There are a number of reasons why your stock order could’ve been canceled or rejected:
Your order was routed to one of our executing brokers that can’t accept orders for a particular stock: In this case, simply reenter the order, and one of our stock brokers will make sure it gets routed appropriately. If you continue to experience issues, please send us a note.
Your limit order is too aggressive: your limit order may also be rejected if it fails one of our risk checks. Risk checks help us to identify orders that don't quite make sense in the context of where the stock is currently trading in the market, such as a $1,000 limit sell order for a stock currently trading at $5. This means that your order may be canceled if the price of the security moves significantly away from your limit or stop price and is then seen as too aggressive.
You incorrectly placed a stop order: A stop order converts to a market order or a limit order once the stock reaches your stop price. However, if you set a stop order for a stock at its current price, we’ll reject your order. Additionally if you set a stop order which would execute immediately (e.g. a buy stop order below the current market price, or a sell stop order above the current market price), we’ll reject your order.

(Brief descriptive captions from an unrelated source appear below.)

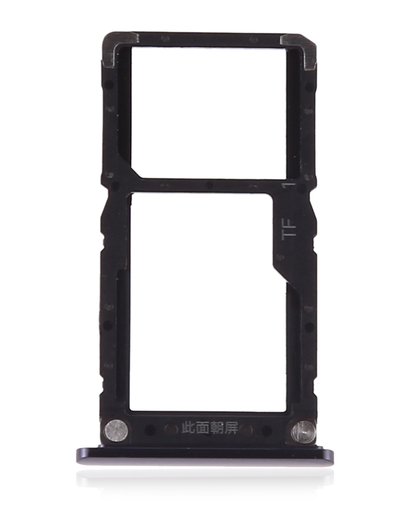 [107082121122] Tiroir SIM double compatible Xiaomi Mi 8 Lite - Midnight Black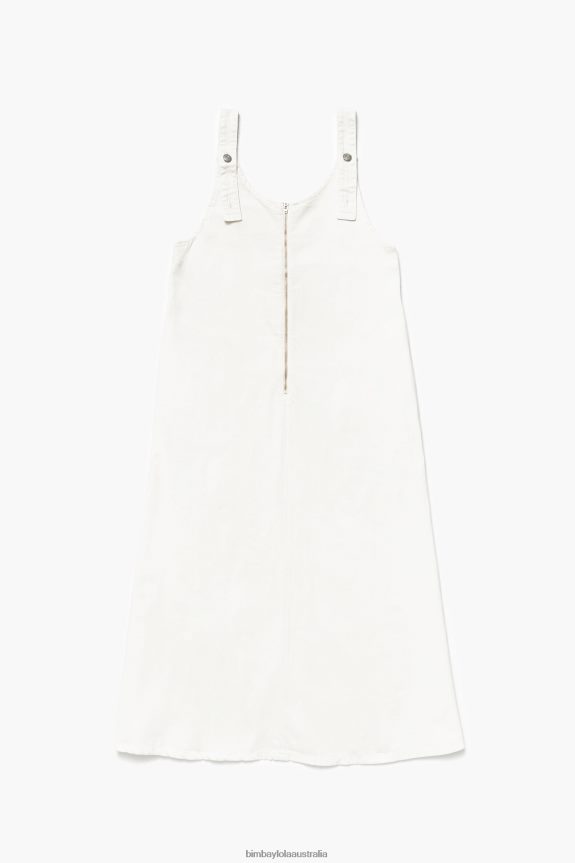 Clothing 4062VZ180 Off-White Bimba Y Lola Denim Dress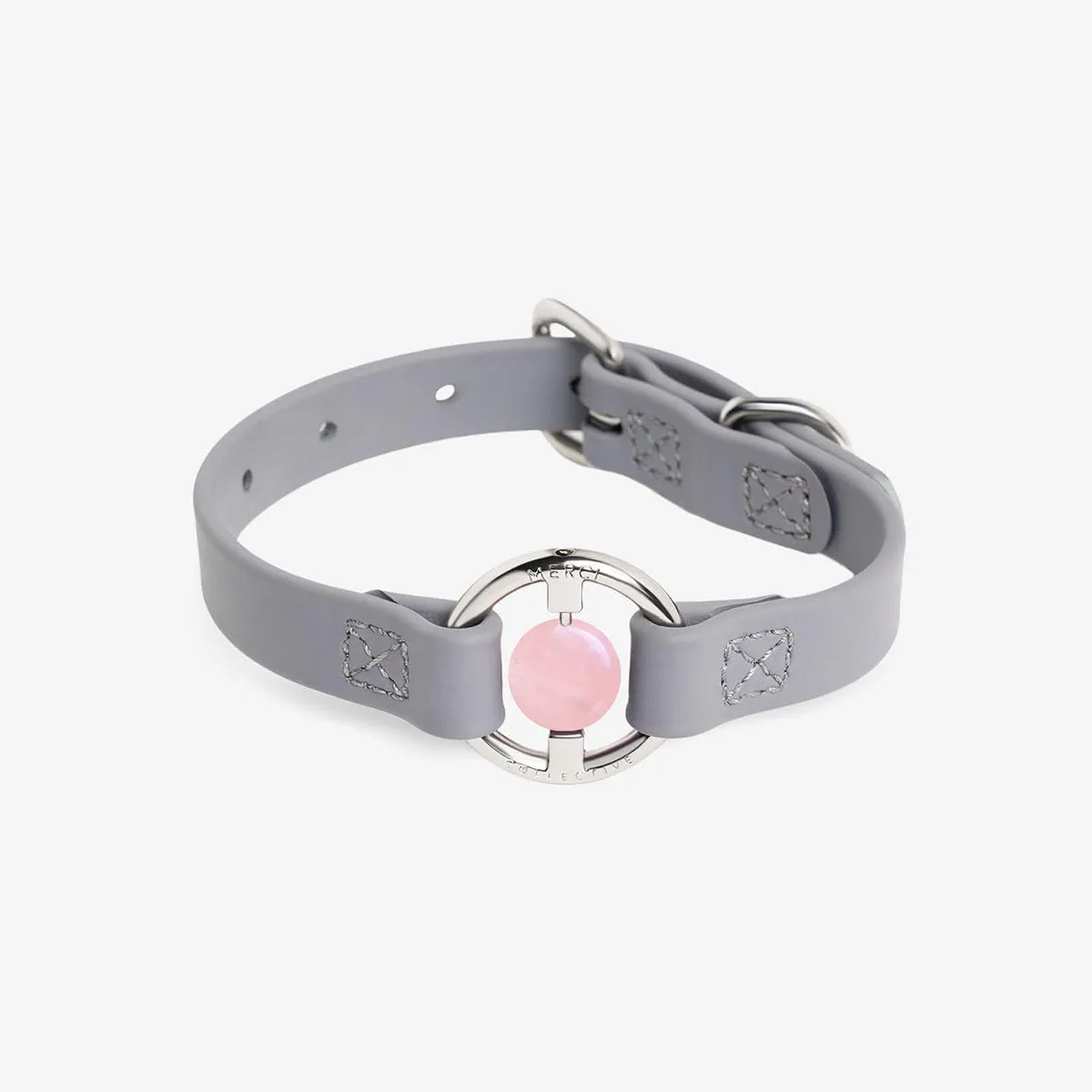 All Eyes On Me Dog Collar Sea Lavender/Rose Quartz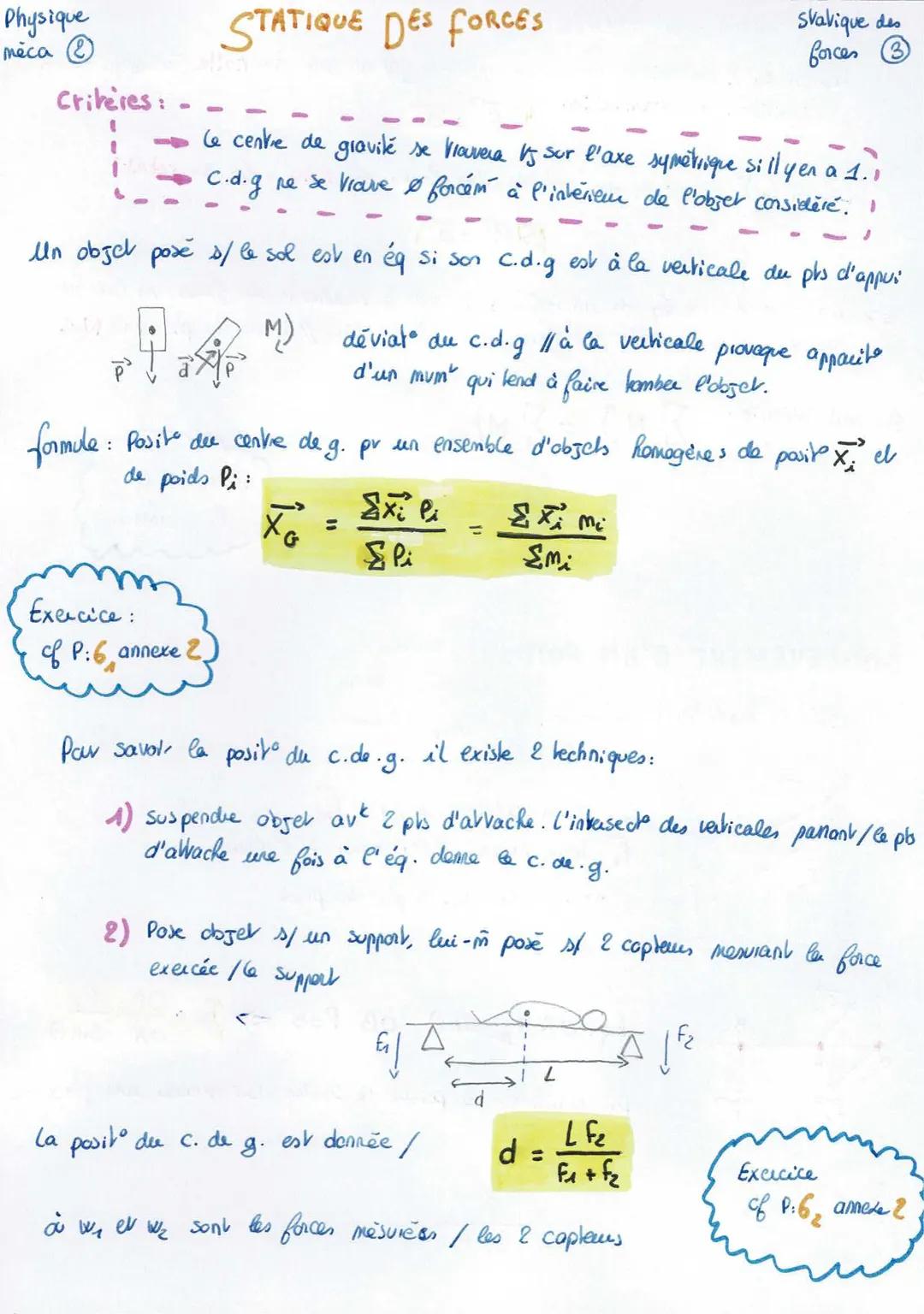 Physique
meca
STATIQUE DES FORCES
Shab des
forces
@
LES FORCES
>.verme qui désigne de manière générique l'ach qu'un corps exerce
Sur un autr
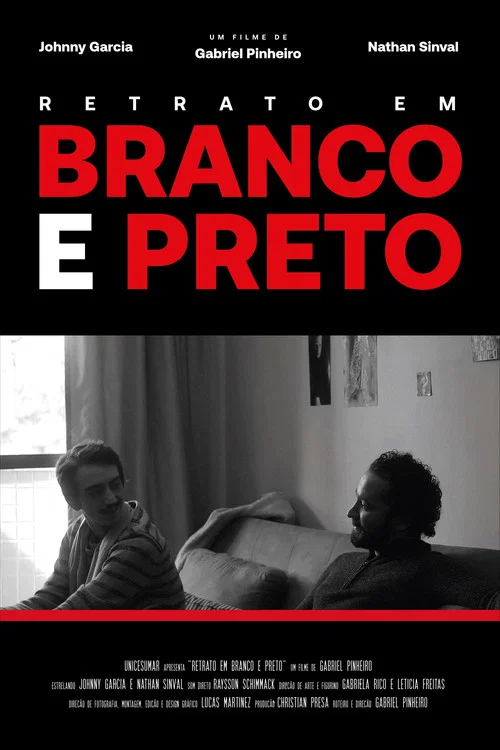 Retrato em Branco e Preto постер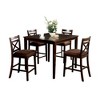 5-Piece Counter Height Dining Set with Square Table and 4 Cross Back Chairs - 2 of 4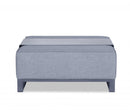 Grey Ottoman - 16" X 40" X 36" Gray Acrylic Ottoman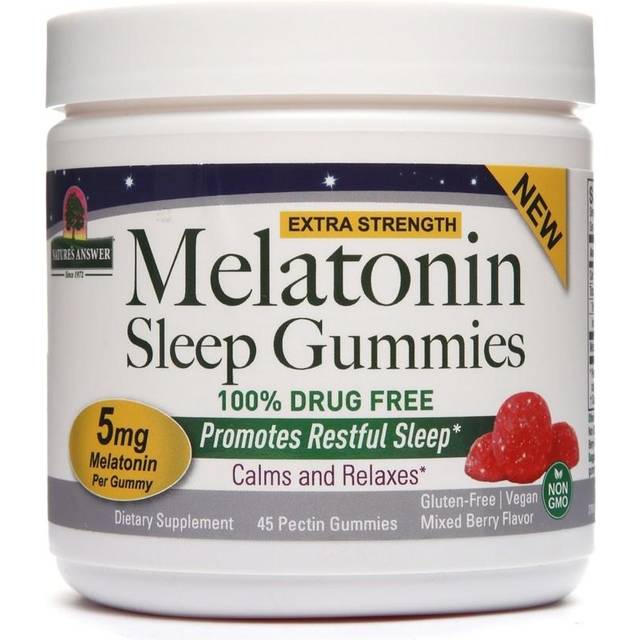 Nature&#39;s Answer Melatonin Sleep Gummies Mixed Berry 45 Gummies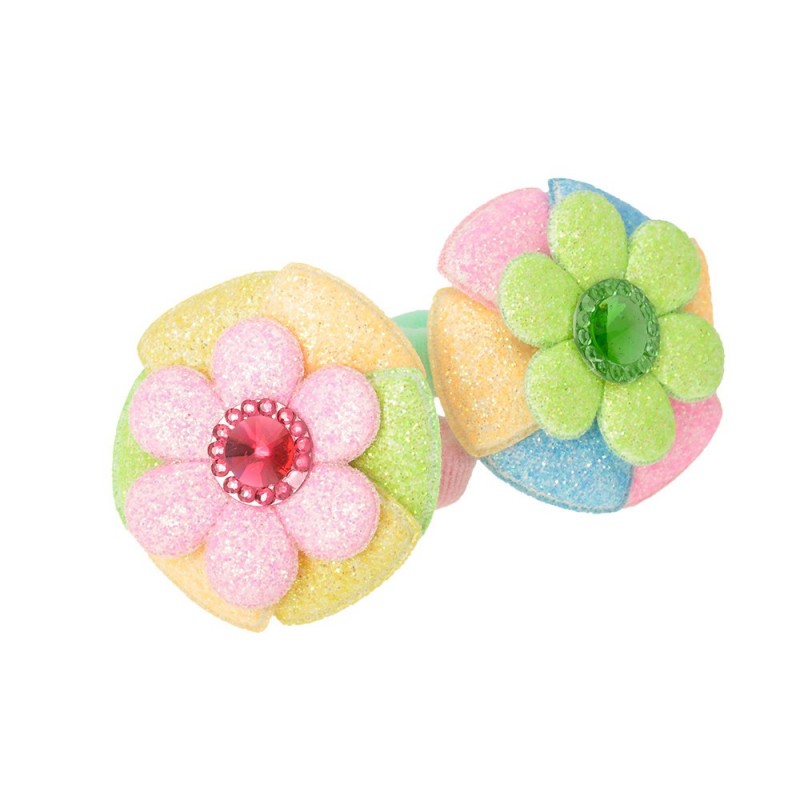 Набор детских резинок для волос с бантиком (7333)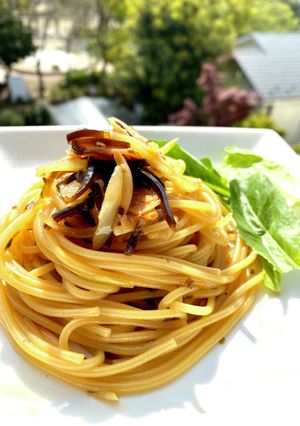 海苔佃煮のパスタ-レシピのメイン写真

The stock executed a split: If a stock undergoes a reverse split, we’re required to cancel all open orders.
Margin call risk: Your Good-til-Canceled (GTC) BUY Order(s) could be cancelled if your account doesn't have enough buying power to support them. Buying power is the amount of money you can use to purchase stocks, options, or cryptocurrencies.You may find yourself with negative buying power if your portfolio value drops below your initial margin requirement. While having negative buying power doesn't necessarily mean that you're in a margin call, we cancel these orders because they would put you at a much higher risk of a margin call.